E essa invasão cresceu nos últimos anos, ao ser examinado mais o autor, em face da sociologia ou da ideologia do que a construção da obra, como se a criação fosse um resultado da sociedade, quando a sociedade pode influir, mas não é a criação que merece atenção como um acontecimento em si mesmo, com a intuição, que se ilumina na sensibilidade da inteligência. 

Alguns podem ter armas teóricas, ou mesmo bélicas, advindas das universidades ou da prática da constante leitura, mas não sabem como usá-las. Ou melhor, não sabem o que fazer delas. Restando inertes como geringonças no jardim dos mais altos desejos. 

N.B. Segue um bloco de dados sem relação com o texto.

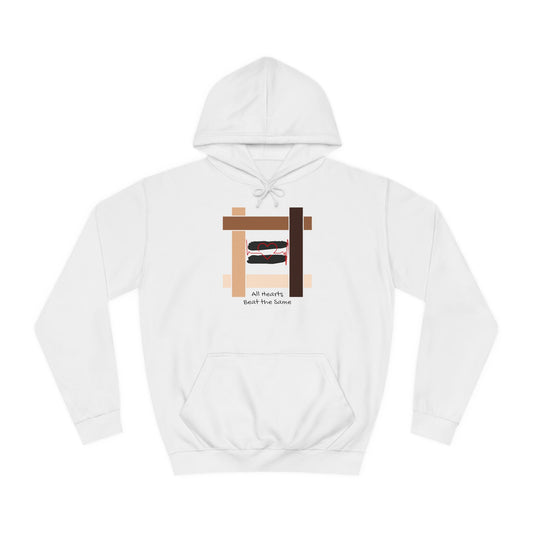 All Hearts Beat the Same Unisex Hoodie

Sim, à medida que certa crítica vai-se arredando do processo artístico, para o processo eminentemente sociológico, vai- se afastando também da área da literatura, seja da prosa ou da poesia e se alberga nos elementos estranhos, se não adversos, sem nenhuma relação com a verdadeira invenção literária. Pois a estética é a estética e o social é o social: o político varia, o ideológico se extingue ou se faz desmontável, mas o estético permanece. 

E é o que o poeta inglês Keats chamava de "beleza para sempre". Isto é muito acima dos estadinhos societários, das discussões de grupos políticos, dos desígnios de alguma determinada comunidade humana. 

A beleza, como estrela, se assenta no firmamento dos sonhos, preso à austera cintilação da palavra.
 
A crítica literária, digna desse nome , exige capacidade reflexiva e conhecimento técnico, que se completam no "exercício da admiração", que vem de uma análise da invenção poética ou romanesca ou ensaística. 

Quem não possui capacidade para admirar, não possui condições para a crítica. E o texto sempre resiste, se for vivo. Resiste contra o que não o entende , ou não toma a humildade indispensável para compreendê-lo. 

E não se coleciona humildade, como outros colecionam conchas, navios em miniatura ou insetos. Humildade é o reconhecimento de nosso limite e a grandeza de ver a obra alheia. E não há mais difícil e necessário do que julgar os contemporâneos. Menos penoso é omiti-los. 

Havendo a consciência de que julgados são no tempo, os que o julgaram mal ou desavisadamente.